- Sinus rhythm, rate 140/min (Sinus Tachycardia)
- Normal conduction
- Normal axis
- Normal QRS complexes
- Slightly depressed ST segments in leads V1–V6
- Biphasic or inverted T waves in the inferior leads (II, III, aVF) and all the chest leads (V1–V6) (Right ventricular strain pattern)
The ECG shows a marked sinus tachycardia, with no change in the cardiac axis and normal QRS complexes. The widespread ST segment/T wave changes are clearly very abnormal, but are not specific for any particular disease. However, the fact that leads V1–V4 (right precordial leads) and inferior leads (II, III, aVF) are affected suggests a right ventricular problem.
A pulmonary angiogram was carried out as part of a series of investigations immediately after admission.
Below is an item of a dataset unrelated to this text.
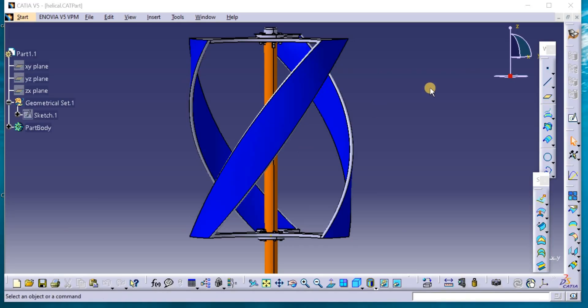As-salamu alaykum. In the last tutorial we modeled the upper part of the vertical axis wind turbine, helical type.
It showed a large central pulmonary embolus and occlusion of the arteries to the right lower lung.
What to do ?
This is a case where the ECG must be considered in the light of the patient’s history and physical signs (if any). Clearly something has happened: the sudden onset of breathlessness without pain suggests a central pulmonary embolus – with pulmonary emboli that do not reach the pleural surface of the lung there may be little pain.
In this patient, an echocardiogram and then a pulmonary angiogram demonstrated a large pulmonary embolus.
Remember that sudden breathlessness with clear lung fields on a routine chest X-ray is always assumed to be due to a pulmonary embolus until proved otherwise. Heparin is essential; thrombolysis should be considered.